**Data shown**
= Beginning of Section =
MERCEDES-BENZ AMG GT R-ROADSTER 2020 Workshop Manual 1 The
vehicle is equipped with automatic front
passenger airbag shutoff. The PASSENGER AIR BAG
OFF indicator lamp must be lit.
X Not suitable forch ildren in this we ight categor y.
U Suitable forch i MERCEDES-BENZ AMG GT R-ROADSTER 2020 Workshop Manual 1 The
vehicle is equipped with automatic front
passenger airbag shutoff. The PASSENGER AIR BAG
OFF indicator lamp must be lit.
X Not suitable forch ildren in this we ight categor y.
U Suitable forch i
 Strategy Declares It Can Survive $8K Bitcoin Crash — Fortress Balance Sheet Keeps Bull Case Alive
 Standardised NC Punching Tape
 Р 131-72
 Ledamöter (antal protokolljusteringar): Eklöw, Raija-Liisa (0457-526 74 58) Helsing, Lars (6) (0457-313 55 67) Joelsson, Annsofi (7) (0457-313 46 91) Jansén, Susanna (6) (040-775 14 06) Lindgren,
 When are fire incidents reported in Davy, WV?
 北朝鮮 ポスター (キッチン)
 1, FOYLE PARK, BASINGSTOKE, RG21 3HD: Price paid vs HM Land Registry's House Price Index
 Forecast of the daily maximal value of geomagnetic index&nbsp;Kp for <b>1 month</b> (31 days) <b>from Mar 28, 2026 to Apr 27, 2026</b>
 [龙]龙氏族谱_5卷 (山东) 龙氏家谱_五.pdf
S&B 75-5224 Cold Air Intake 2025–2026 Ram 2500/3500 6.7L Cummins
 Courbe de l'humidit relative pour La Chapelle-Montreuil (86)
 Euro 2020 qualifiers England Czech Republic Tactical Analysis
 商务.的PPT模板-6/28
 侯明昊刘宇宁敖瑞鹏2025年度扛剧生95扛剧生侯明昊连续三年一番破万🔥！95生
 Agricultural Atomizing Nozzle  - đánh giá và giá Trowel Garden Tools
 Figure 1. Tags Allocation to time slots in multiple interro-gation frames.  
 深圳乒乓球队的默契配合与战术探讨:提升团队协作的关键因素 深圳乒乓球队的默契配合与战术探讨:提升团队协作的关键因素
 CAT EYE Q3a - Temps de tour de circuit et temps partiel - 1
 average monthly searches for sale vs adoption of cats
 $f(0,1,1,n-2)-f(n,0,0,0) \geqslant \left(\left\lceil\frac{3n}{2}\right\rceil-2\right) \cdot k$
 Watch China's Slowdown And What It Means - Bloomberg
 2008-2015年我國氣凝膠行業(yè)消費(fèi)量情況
= End of Section =
**Assigned task**
Print the records above again, every one, exactly as written.

**Task output**
MERCEDES-BENZ AMG GT R-ROADSTER 2020 Workshop Manual 1 The
vehicle is equipped with automatic front
passenger airbag shutoff. The PASSENGER AIR BAG
OFF indicator lamp must be lit.
X Not suitable forch ildren in this we ight categor y.
U Suitable forch i MERCEDES-BENZ AMG GT R-ROADSTER 2020 Workshop Manual 1 The
vehicle is equipped with automatic front
passenger airbag shutoff. The PASSENGER AIR BAG
OFF indicator lamp must be lit.
X Not suitable forch ildren in this we ight categor y.
U Suitable forch i
 Strategy Declares It Can Survive $8K Bitcoin Crash — Fortress Balance Sheet Keeps Bull Case Alive
 Standardised NC Punching Tape
 Р 131-72
 Ledamöter (antal protokolljusteringar): Eklöw, Raija-Liisa (0457-526 74 58) Helsing, Lars (6) (0457-313 55 67) Joelsson, Annsofi (7) (0457-313 46 91) Jansén, Susanna (6) (040-775 14 06) Lindgren,
 When are fire incidents reported in Davy, WV?
 北朝鮮 ポスター (キッチン)
 1, FOYLE PARK, BASINGSTOKE, RG21 3HD: Price paid vs HM Land Registry's House Price Index
 Forecast of the daily maximal value of geomagnetic index&nbsp;Kp for <b>1 month</b> (31 days) <b>from Mar 28, 2026 to Apr 27, 2026</b>
 [龙]龙氏族谱_5卷 (山东) 龙氏家谱_五.pdf
S&B 75-5224 Cold Air Intake 2025–2026 Ram 2500/3500 6.7L Cummins
 Courbe de l'humidit relative pour La Chapelle-Montreuil (86)
 Euro 2020 qualifiers England Czech Republic Tactical Analysis
 商务.的PPT模板-6/28
 侯明昊刘宇宁敖瑞鹏2025年度扛剧生95扛剧生侯明昊连续三年一番破万🔥！95生
 Agricultural Atomizing Nozzle  - đánh giá và giá Trowel Garden Tools
 Figure 1. Tags Allocation to time slots in multiple interro-gation frames.  
 深圳乒乓球队的默契配合与战术探讨:提升团队协作的关键因素 深圳乒乓球队的默契配合与战术探讨:提升团队协作的关键因素
 CAT EYE Q3a - Temps de tour de circuit et temps partiel - 1
 average monthly searches for sale vs adoption of cats
 $f(0,1,1,n-2)-f(n,0,0,0) \geqslant \left(\left\lceil\frac{3n}{2}\right\rceil-2\right) \cdot k$
 Watch China's Slowdown And What It Means - Bloomberg
 2008-2015年我國氣凝膠行業(yè)消費(fèi)量情況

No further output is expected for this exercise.